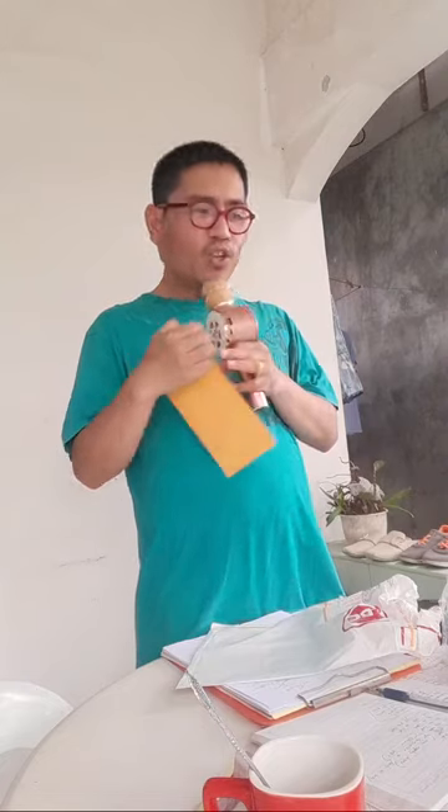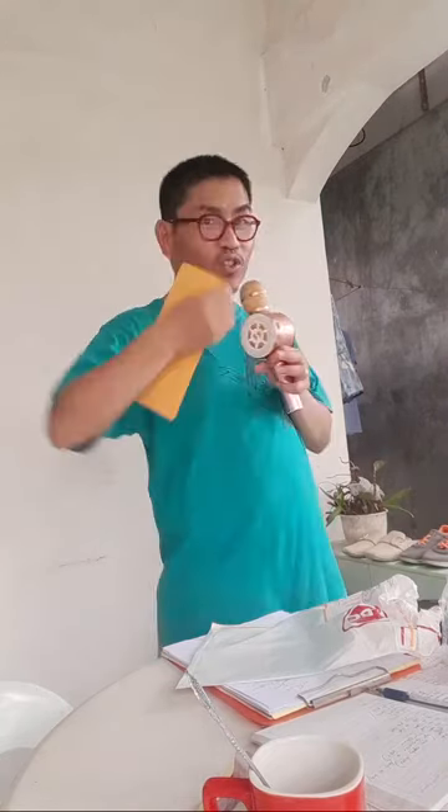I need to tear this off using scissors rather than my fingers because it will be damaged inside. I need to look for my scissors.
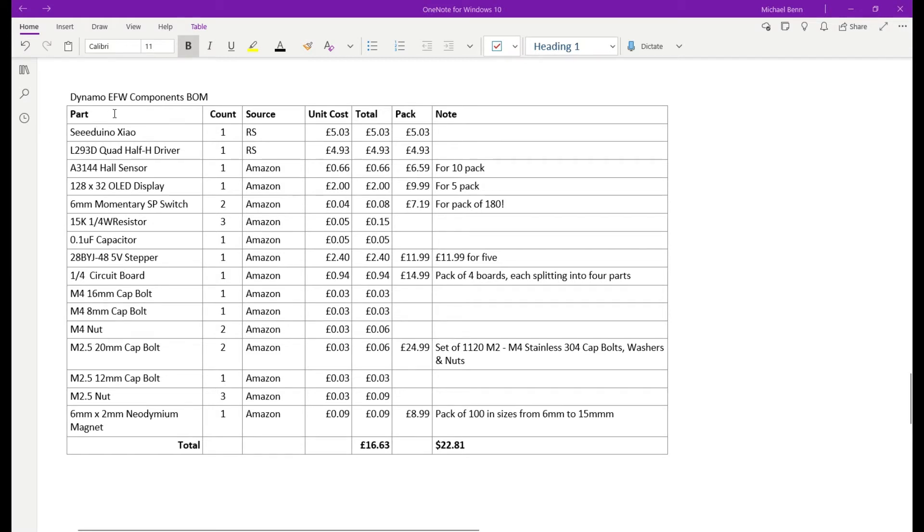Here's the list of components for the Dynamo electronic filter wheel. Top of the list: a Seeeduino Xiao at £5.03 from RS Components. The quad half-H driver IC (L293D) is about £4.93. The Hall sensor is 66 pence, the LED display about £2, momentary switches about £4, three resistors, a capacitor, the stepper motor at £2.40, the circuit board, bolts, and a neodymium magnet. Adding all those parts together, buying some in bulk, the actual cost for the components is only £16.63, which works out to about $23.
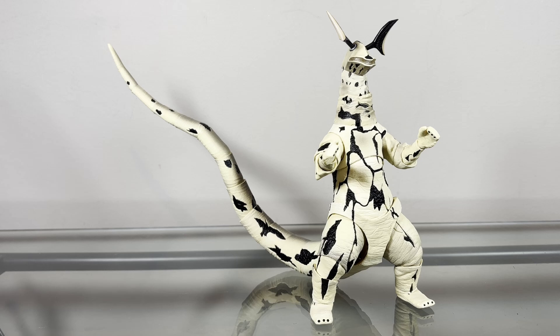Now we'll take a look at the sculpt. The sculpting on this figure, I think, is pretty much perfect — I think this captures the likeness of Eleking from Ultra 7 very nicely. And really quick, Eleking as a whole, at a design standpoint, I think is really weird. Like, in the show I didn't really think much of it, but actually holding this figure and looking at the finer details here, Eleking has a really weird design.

--------------------

What is needed | Starting at the line that contains "Here's the list", write out exactly each line through the last one in the listing above, leaving out the pictures and adding nothing else.

Task result |
Here's the list of components for the Dynamo electronic filter wheel. Top of the list: a Seeeduino Xiao at £5.03 from RS Components. The quad half-H driver IC (L293D) is about £4.93. The Hall sensor is 66 pence, the LED display about £2, momentary switches about £4, three resistors, a capacitor, the stepper motor at £2.40, the circuit board, bolts, and a neodymium magnet. Adding all those parts together, buying some in bulk, the actual cost for the components is only £16.63, which works out to about $23.
Now we'll take a look at the sculpt. The sculpting on this figure, I think, is pretty much perfect — I think this captures the likeness of Eleking from Ultra 7 very nicely. And really quick, Eleking as a whole, at a design standpoint, I think is really weird. Like, in the show I didn't really think much of it, but actually holding this figure and looking at the finer details here, Eleking has a really weird design.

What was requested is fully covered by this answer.